Fue la curiosidad quien nos llevó a mi esposa y a mí a esa suntuosa tienda de la calle Serrano, en el Barrio de Salamanca, mientras paseábamos por Madrid: queríamos conocer el precio de la mercancía. Atildada y melosa, la vendedora aceptó el interrogatorio, creyéndonos compradores, y recitó los precios con apacible naturalidad. A poca distancia, una señora de rasgos orientales compraba gozosa lo que le venía en gana.
Mientras escuchábamos aquellos valores exorbitantes, irrumpió en el establecimiento, cargada de fundas y sosteniendo un enorme bolso de mano, una mujer joven, mulata, de cabellos negros bien peinados, suelta de modales, vestida y enjoyada con más riqueza que gusto. Pensé en mujer de narco, de político corrupto, o en nueva rica. El personal le dio la bienvenida con inusual familiaridad. Entonces, dirigí mi irrefrenable e imbatible curiosidad hacia ella.
El Barrio de Salamanca cumplió ciento cincuenta años y fue la primera expansión moderna de la capital española. Desde entonces, acomoda y concentra a nobles y ricos de la ciudad, sus oficinas, sus centros de ocio, importantes centros culturales, y a magnates de todas partes del mundo. En su corazón se encuentra el restaurante preferido del Rey Juan Carlos, y no es raro ver sentados en sus terrazas a luminarias del arte, de la política, y de la empresa. Es el lugar preferido de los “pijos” (riquitos} españoles. La calle Serrano, una vía chic, equivale a la Park Avenue en Nueva York, y a la rue Montaigne de París.
La dependienta observó el interés que despertó en nosotros la llamativa mulata, y preguntó: – ¿Ustedes la conocen, verdad…?. Contestamos negativamente. Ella añadió: – Ah, como ustedes también tienen acento suramericano, pensé que la habrían reconocido. Aquí es como de la familia, viene a menudo, tiene un piso en este mismo edificio. Dándose cuenta que no teníamos ni idea de quién era, informó: – Es la hija de Chávez, el de Venezuela, dicen que fue la preferida del padre.

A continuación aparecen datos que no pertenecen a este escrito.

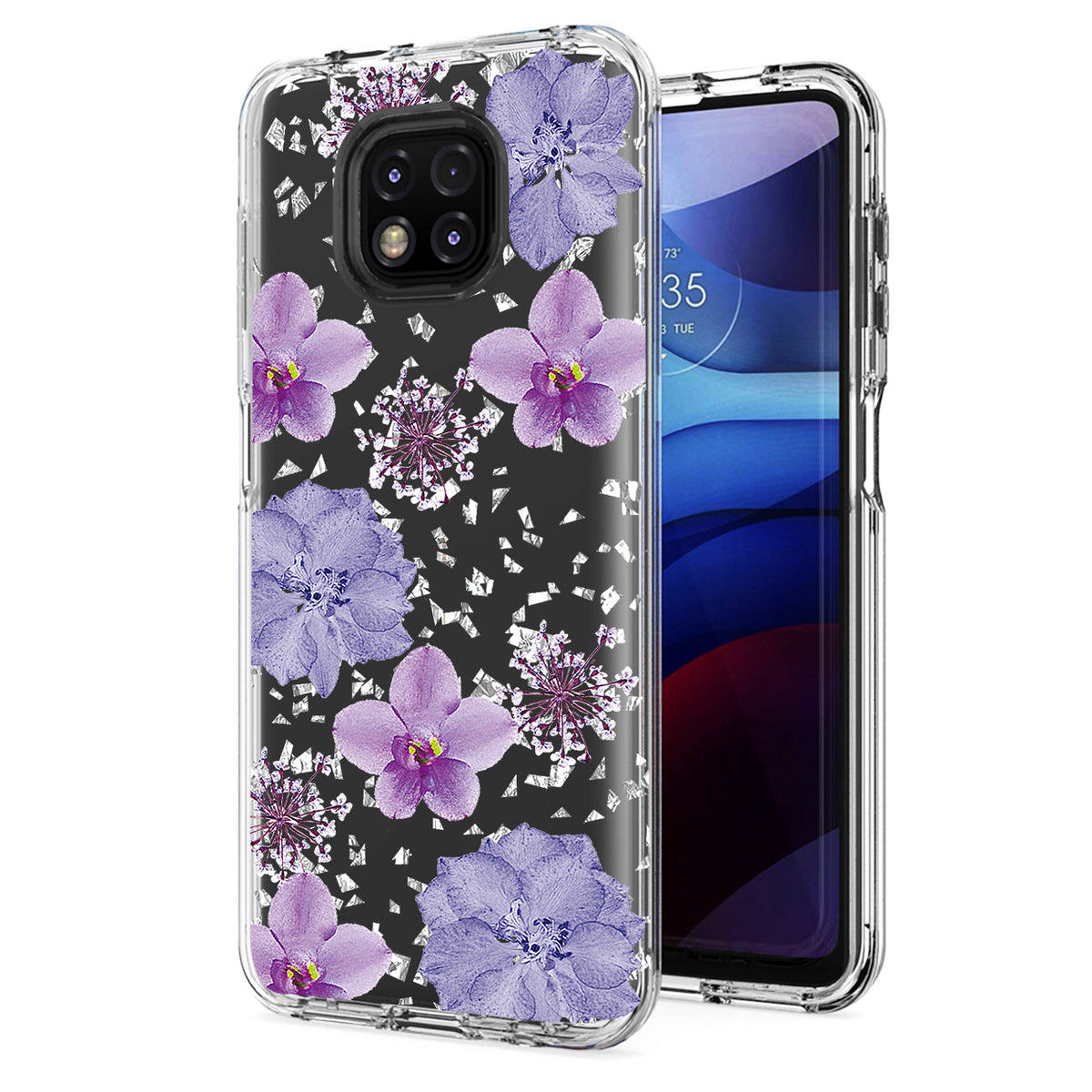 Pressed dried flower Design Phone case for Moto G Power 2021 In Pink - Ultra-Slim & Reliable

Sabía algo sobre la fortuna de la familia del difunto comandante, y que su hija Maria Gabriela residía en Madrid, así que verla en aquella tienda no me sorprendió; además, soy dominicano y asumo que la corrupción no la detienen ni comandantes, ni líderes revolucionarios, ni políticos de izquierda ni de derecha: es un virus contagioso tercermundista, endémico en Latinoamérica, y que afecta a su clase gobernante. No me conmovió la rimbombancia de esa dama bolivariana, pero sí me indignó.
Para disgusto de la vendedora, conociendo que en esa tienda un portamonedas costaba quinientos dólares y las carteras podían subir hasta veinte mil, salimos sin comprar nada y seguimos nuestro paseo por la calle de Serrano, donde dicen que vive esa despampanante heredera de la revolución venezolana, sin duda, por culpa del imperialismo yanqui.